Pero sería su legítimo heredero, Fluxus, quien mejor definiría este propósito. Mediante el concepto “arte diversión”, que George Maciunas propone en su Manifesto on Art Amusement (1965) (3), Fluxus introduce el juego y la diversión en el arte con el objetivo de minar, precisamente, el arte (elitista por definición): “el arte-diversión debe ser simple, divertido, sin pretensiones; interesado en las cosas insignificantes, no pedir ni habilidad particular ni repeticiones innumerables y no tener ningún valor mercantil o institucional (…) Es una mezcla de vodevil de Spike Jones, de gag, de juego de niños y de Duchamp”.
Para Fluxus, el humor, el juego, la burla, el absurdo y la provocación subvierten y devastan el arte “culto”; sus acciones (events, happenings, fluxconcerts), concebidas para la intervención de jugadores múltiples, inciden en la inmaterialidad de la obra y en el proceso antes que en la exhibición (4) ; y sus descabelladas propuestas invitan a la participación física y mental del público, a la diversión,… como una gran parte de los actuales juegos creados por artistas.

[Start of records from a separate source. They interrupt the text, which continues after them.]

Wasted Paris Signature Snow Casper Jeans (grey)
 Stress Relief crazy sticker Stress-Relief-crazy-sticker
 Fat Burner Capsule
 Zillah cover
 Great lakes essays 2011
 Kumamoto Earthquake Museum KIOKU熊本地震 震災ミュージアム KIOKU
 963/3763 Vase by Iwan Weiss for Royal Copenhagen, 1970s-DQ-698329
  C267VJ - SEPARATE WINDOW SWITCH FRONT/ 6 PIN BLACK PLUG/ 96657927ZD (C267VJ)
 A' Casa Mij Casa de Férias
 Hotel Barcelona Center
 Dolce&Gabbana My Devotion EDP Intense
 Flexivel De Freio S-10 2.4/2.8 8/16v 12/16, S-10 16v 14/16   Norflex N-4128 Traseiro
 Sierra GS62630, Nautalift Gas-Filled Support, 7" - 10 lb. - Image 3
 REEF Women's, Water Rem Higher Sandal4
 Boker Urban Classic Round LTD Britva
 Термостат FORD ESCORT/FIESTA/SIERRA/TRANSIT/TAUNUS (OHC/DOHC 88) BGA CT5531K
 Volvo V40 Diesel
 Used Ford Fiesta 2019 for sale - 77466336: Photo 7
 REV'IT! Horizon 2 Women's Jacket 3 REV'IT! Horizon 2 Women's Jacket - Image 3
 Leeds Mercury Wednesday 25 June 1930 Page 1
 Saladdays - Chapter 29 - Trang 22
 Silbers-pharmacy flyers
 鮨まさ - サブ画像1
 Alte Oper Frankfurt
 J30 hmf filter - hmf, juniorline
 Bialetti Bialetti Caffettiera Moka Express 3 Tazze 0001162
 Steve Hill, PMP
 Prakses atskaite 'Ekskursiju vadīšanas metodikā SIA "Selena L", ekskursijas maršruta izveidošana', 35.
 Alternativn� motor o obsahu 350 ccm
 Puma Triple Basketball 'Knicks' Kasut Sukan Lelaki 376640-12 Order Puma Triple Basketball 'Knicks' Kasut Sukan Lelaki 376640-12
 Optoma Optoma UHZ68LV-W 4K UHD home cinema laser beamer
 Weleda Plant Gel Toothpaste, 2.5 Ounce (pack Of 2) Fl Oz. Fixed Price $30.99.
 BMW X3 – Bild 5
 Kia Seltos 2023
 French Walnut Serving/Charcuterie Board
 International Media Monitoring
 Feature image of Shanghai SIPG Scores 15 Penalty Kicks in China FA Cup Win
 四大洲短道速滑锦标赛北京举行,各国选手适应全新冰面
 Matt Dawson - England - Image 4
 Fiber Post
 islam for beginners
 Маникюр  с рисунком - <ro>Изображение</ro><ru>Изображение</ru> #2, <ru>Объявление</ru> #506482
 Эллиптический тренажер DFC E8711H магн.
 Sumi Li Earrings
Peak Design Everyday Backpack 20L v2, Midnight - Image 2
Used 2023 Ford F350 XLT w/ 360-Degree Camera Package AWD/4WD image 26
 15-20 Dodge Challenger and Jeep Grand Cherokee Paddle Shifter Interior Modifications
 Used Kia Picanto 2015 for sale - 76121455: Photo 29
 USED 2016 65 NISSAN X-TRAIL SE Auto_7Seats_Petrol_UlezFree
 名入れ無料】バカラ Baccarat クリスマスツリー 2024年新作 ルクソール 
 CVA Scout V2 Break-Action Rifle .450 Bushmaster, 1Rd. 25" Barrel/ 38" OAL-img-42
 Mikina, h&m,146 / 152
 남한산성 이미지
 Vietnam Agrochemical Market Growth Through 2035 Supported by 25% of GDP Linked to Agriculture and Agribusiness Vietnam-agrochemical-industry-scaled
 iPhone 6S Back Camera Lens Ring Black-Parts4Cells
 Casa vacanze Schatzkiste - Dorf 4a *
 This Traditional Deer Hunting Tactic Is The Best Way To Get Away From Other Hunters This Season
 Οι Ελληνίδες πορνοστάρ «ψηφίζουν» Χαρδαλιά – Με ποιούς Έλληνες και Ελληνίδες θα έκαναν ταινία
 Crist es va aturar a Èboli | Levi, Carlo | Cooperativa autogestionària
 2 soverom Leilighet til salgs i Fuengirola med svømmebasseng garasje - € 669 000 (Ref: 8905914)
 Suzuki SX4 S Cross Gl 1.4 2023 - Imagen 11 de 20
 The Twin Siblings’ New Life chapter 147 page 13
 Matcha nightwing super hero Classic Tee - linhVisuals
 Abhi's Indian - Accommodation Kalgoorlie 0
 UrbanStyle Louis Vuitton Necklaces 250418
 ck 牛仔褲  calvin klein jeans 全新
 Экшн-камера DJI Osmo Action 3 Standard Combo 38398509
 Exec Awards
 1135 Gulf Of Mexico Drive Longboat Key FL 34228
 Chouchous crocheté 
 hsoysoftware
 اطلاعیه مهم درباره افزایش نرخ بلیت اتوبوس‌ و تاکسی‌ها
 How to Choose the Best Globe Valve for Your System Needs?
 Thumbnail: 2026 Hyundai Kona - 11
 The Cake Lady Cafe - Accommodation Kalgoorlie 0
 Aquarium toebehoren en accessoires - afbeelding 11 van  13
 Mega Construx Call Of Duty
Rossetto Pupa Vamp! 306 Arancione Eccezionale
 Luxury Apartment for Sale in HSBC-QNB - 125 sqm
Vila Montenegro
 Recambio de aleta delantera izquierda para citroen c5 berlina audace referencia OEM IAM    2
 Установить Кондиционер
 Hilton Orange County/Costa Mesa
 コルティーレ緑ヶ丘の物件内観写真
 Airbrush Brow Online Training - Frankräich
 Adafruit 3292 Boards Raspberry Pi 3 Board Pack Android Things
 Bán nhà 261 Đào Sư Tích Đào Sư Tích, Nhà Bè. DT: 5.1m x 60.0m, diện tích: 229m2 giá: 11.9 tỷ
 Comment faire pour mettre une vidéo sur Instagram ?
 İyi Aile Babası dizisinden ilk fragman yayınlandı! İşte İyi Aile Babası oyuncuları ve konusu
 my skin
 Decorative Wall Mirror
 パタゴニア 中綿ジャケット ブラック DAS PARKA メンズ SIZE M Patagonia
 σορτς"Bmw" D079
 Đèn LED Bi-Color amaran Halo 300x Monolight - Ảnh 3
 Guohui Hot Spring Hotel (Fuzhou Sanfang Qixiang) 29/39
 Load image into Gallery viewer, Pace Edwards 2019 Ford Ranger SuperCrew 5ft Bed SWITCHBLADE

El componente de puro disfrute aparece en los soundtoys (5) o juguetes sonorovisuales de Brian Mackern (6) (Living stereo, 2006), donde el jugador interactúa lúdicamente con los instrumentos para generar o remezclar su propio entorno visual y sonoro; y en la pieza Obstruir (2003) (7) de Alex Sanjurjo (8), concebida para ejecutar acciones visuales y sonoras mediante la manipulación violenta, cariñosa, o perversa de un gigantesco joystick. También diversión y creación son los elementos fundamentales de LifeFloor (2008) (9), la instalación de Román Torre basada "el juego de la vida", un algoritmo de los denominados Autómatas Celulares (10) que permite al jugador interactuar con un ecosistema virtual de vida celular e inteligente.
Otros juegos parecen directamente inspirados por Fluxus (11), como Bagatelle Concrète (12) (2006-2008) de Martin Pichlmair y Fares Kayali, una máquina de pinball (o flipper) modificada para tocar música concreta, que evoca en la misma medida los “pianos preparados (13)” de Nam June Paik y la composición musical Reunion (1968) que John Cage organizó a partir del movimiento de las piezas de ajedrez en un tablero electrónico durante su mítica partida con Duchamp (14). En cualquier caso, la obra sigue al pie de la letra el lema de los conciertos Fluxus: “Arrancar la música de la academia, de las orquestas nacionales, de las salas de conciertos soporíferas, con el fin de abrirla a la vida, como un nuevo territorio a musicalizar“ (15).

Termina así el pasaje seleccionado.